Jace narrowed his eyes, crossed his arms and leaned back. "Sure, a vacation. I'd almost believe you. If it hadn't been for the one investigative reporter and his YouTube broadcasts breaking your story around the world, I'm not sure you and the others would have been released at all."
She nodded. "You're right. We all are grateful to Mr. Galindez and his team for getting our stories out there. After all, Hernando representing the government of BloodDark deserved better. Locking up diplomats is a crime."
"Not when it could mean the end of the world as we know, it isn't." Jace nodded toward the graffiti. "They should have realized when the public found out we'd been visited by aliens for over a millennia, and we could travel there ourselves, we'd want changes for the better here on this planet. The number of governments toppled and career politicians out of a job these days?" He gave a long whistle. "You've really shaken things up here in the 'hood, Ollie."
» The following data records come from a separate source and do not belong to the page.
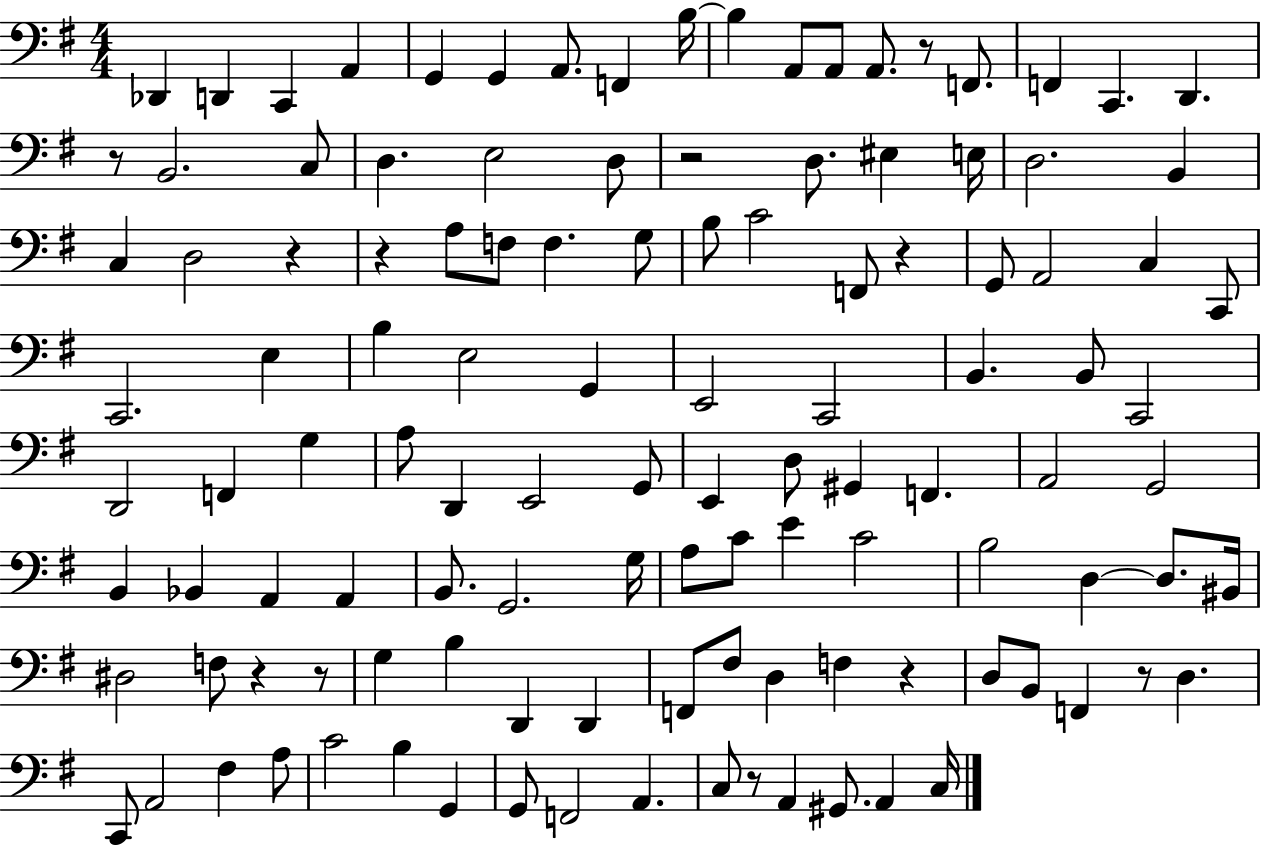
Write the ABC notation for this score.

X:1
T:Untitled
M:4/4
L:1/4
K:G
_D,, D,, C,, A,, G,, G,, A,,/2 F,, B,/4 B, A,,/2 A,,/2 A,,/2 z/2 F,,/2 F,, C,, D,, z/2 B,,2 C,/2 D, E,2 D,/2 z2 D,/2 ^E, E,/4 D,2 B,, C, D,2 z z A,/2 F,/2 F, G,/2 B,/2 C2 F,,/2 z G,,/2 A,,2 C, C,,/2 C,,2 E, B, E,2 G,, E,,2 C,,2 B,, B,,/2 C,,2 D,,2 F,, G, A,/2 D,, E,,2 G,,/2 E,, D,/2 ^G,, F,, A,,2 G,,2 B,, _B,, A,, A,, B,,/2 G,,2 G,/4 A,/2 C/2 E C2 B,2 D, D,/2 ^B,,/4 ^D,2 F,/2 z z/2 G, B, D,, D,, F,,/2 ^F,/2 D, F, z D,/2 B,,/2 F,, z/2 D, C,,/2 A,,2 ^F, A,/2 C2 B, G,, G,,/2 F,,2 A,, C,/2 z/2 A,, ^G,,/2 A,, C,/4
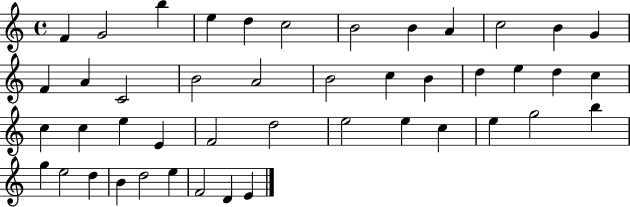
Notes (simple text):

F4/q G4/h B5/q E5/q D5/q C5/h B4/h B4/q A4/q C5/h B4/q G4/q F4/q A4/q C4/h B4/h A4/h B4/h C5/q B4/q D5/q E5/q D5/q C5/q C5/q C5/q E5/q E4/q F4/h D5/h E5/h E5/q C5/q E5/q G5/h B5/q G5/q E5/h D5/q B4/q D5/h E5/q F4/h D4/q E4/q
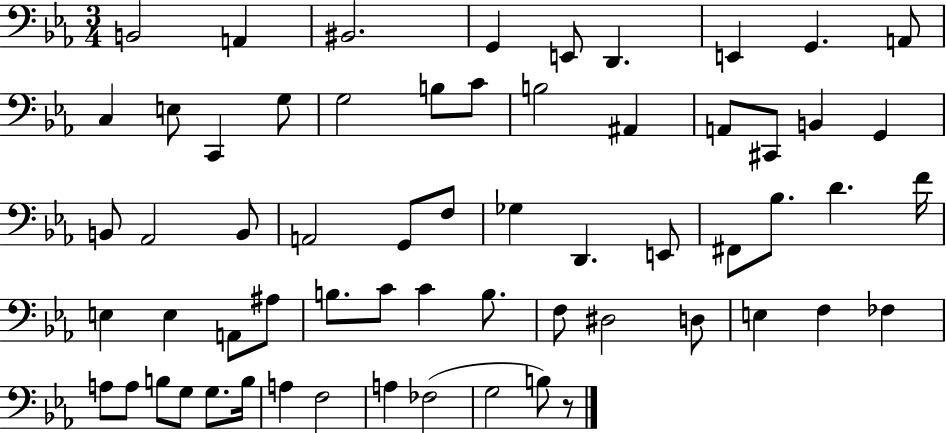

"Me?" She looked cross-eyed at him and stuck out her tongue. "I'm not powerful. I'm just one woman who wants to normalize relations between our two worlds."
"One woman with a friend who owns a very cool limo with dark window tinting, it seems."
Olivia spun around and saw the vehicle Jace had observed coming up the road behind her. The official flag of the BloodDark government—a half white/half black circle against a blue, starry background—fluttered from the car's antenna. It pulled up to the corner and stopped. The back window lowered, revealing the passenger within.
"Get in, Olivia. We need to talk," Hernando said.